When Fela Kuti died in 1997, it seemed, for a while, as though Afrobeat might have died with him. So colossal was Kuti's role in the music, and so few were the young pretenders to his throne, that the vacuum left by his passing appeared unfillable. In the immediate aftermath of his death it was left, not to a young pretender, but to the drummer Tony Allen, who had helped Kuti create Afrobeat in the late 1960s and who had remained the foundation stone of his bands until 1979, to pick up the baton. Which he has done magnificently, starting with Black Voices (Comet, 1999) and continuing up to Secret Agent (World Circuit, 2009). In 2009, Allen is well into his second stride, and his follow-up World Circuit album promises to be something special.

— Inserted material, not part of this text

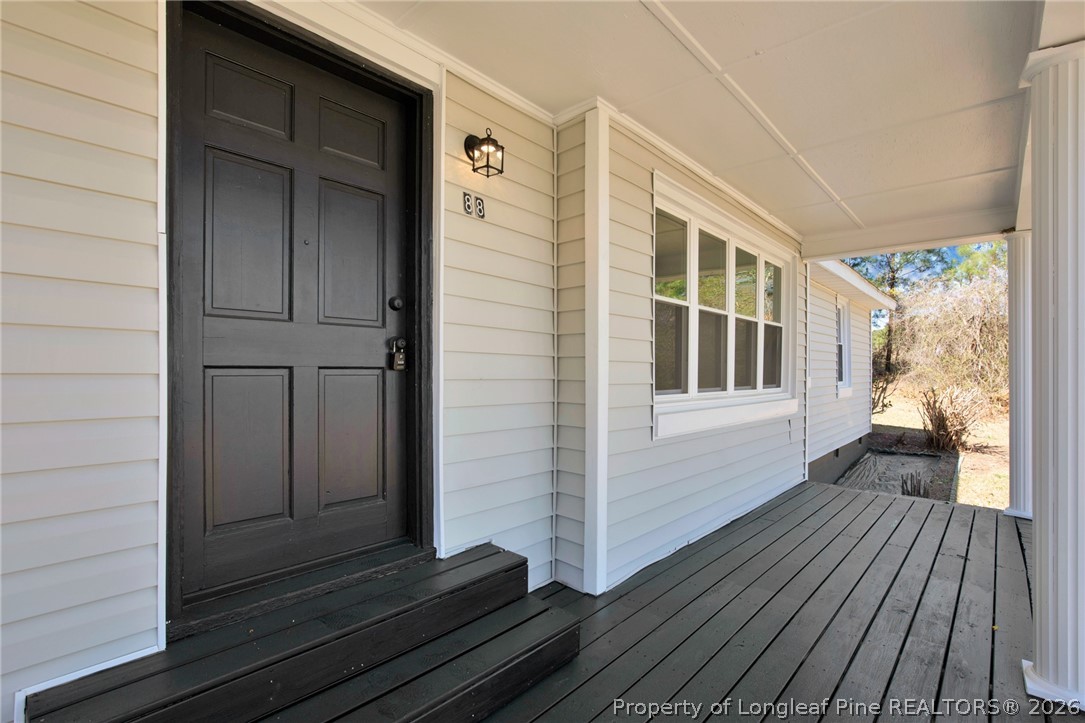 88 Hannah Creek Road Four Oaks, NC 27524 - Photo 3 of 31 a view of front door deck and living room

Along the way, Allen, who has since the mid-1980s been based in Paris, France, was joined on the post-Fela Kuti stage by Kuti's Nigerian-based son Femi and his band, Positive Force. Femi had been recording under his own name since the late 1980s, with a string of workmanlike, but somehow ultimately underwhelming albums. It was Allen, open to other influences, most notably reggae-inspired dub, but retaining the original Afrobeat vibe, who made most of the running.

It wasn't until 2008 and Fela's younger son, Seun's, gloriously authentic Many Things (Tot ou Tard), that the Kuti bloodline was properly revived. Less globally eclectic than Allen, Seun's Afrobeat has been to date more revivalist than revolutionary, but—helped by his father's last band, Egypt 80, and his last musical director, saxophonist Lekan Animashaun—Many Things was a convincing chip off the old block. Seun was fortunate in having Animashaun on his team; he'd joined Fela, along with Tony Allen, in the mid-1960s, and he has the original Afrobeat blueprint 100% down. (Animashaun's solo album Low Profile: Not For The Blacks, recorded in 1979 but not released until 1995, and available since 2004 on the British Honest Jons label, is reviewed in Part 3 of these Diaries).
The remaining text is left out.